===== Data in this exercise =====

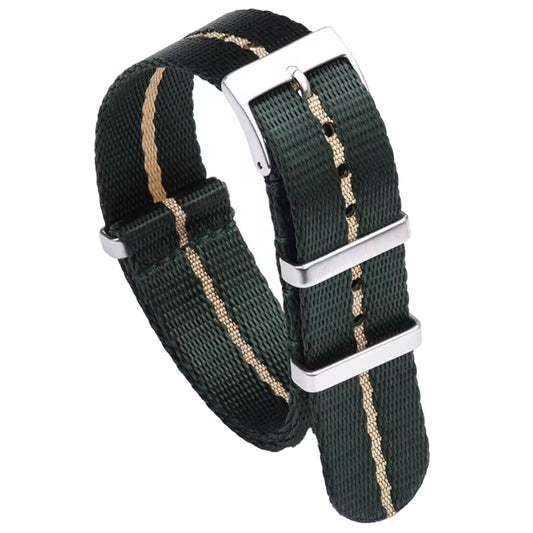 Cinturino Masar Nato 22mm G10 Nylon Verde Kaki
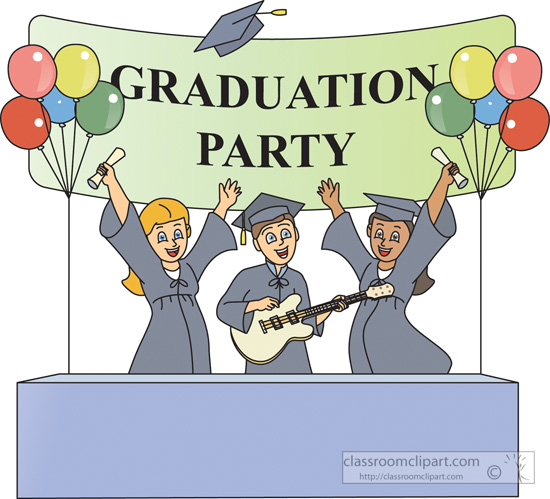 Graduation   Graduation Party 2   Classroom Clipart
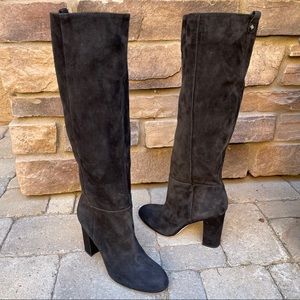 NWOB Sam Edelman Caprice Black Suede HeeledBoot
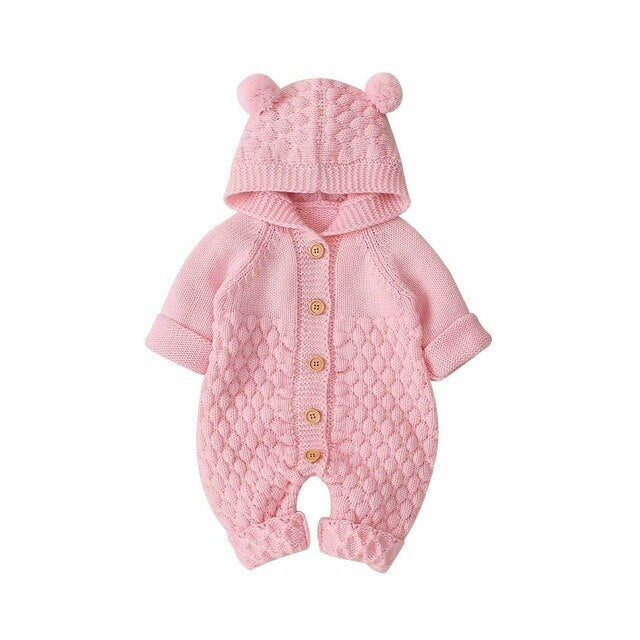 Astrid - Cozy Knit Jumpsuit for Newborns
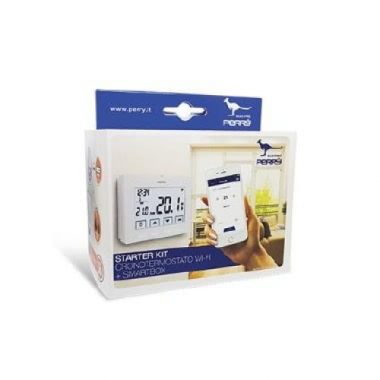 CRONOTERMOSTATO KIT WIRELESS PER CALDAIA CON SMARTBOX BIANCO - PERRY ELECTRIC 1TXCR028WIFIKIT product photo Photo 03 3XL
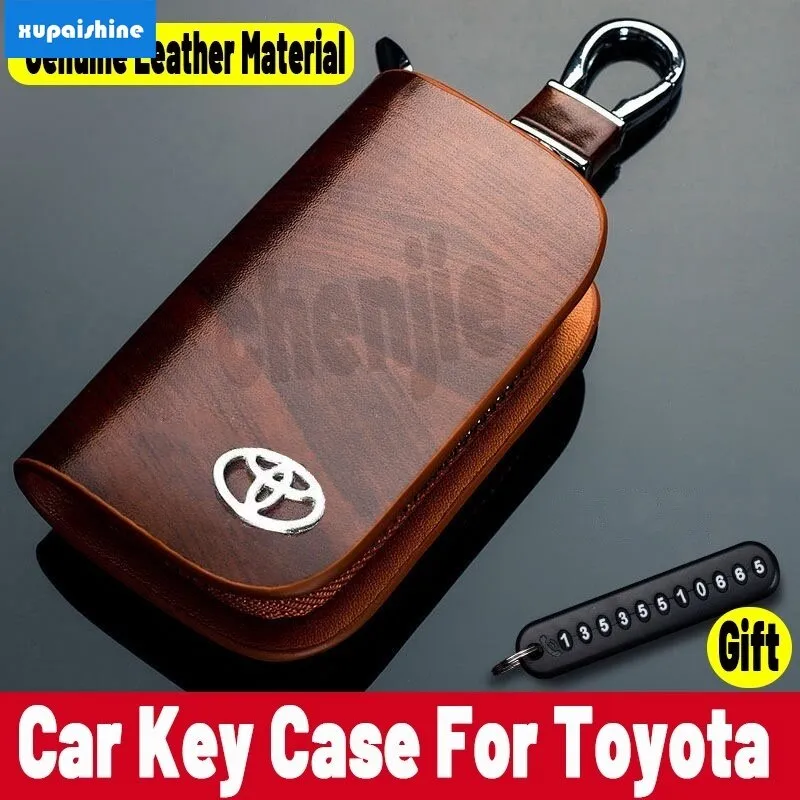 XPS high quality Leather Car Key Holder Bag car key case Car Key Cover car keychain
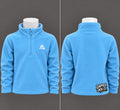 Montirex Teen’s  Polartec Blue 1/2 Zip Fleece Sweatshirt High Neck  Size S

=====

## Exercise instructions
Go back to the line containing "NWOB Sam Edelman" and output it and every line after it through the end of the records, exactly, but not the pictures.

## Solution to this task
 NWOB Sam Edelman Caprice Black Suede HeeledBoot
 Astrid - Cozy Knit Jumpsuit for Newborns
 CRONOTERMOSTATO KIT WIRELESS PER CALDAIA CON SMARTBOX BIANCO - PERRY ELECTRIC 1TXCR028WIFIKIT product photo Photo 03 3XL
 XPS high quality Leather Car Key Holder Bag car key case Car Key Cover car keychain
 Montirex Teen’s  Polartec Blue 1/2 Zip Fleece Sweatshirt High Neck  Size S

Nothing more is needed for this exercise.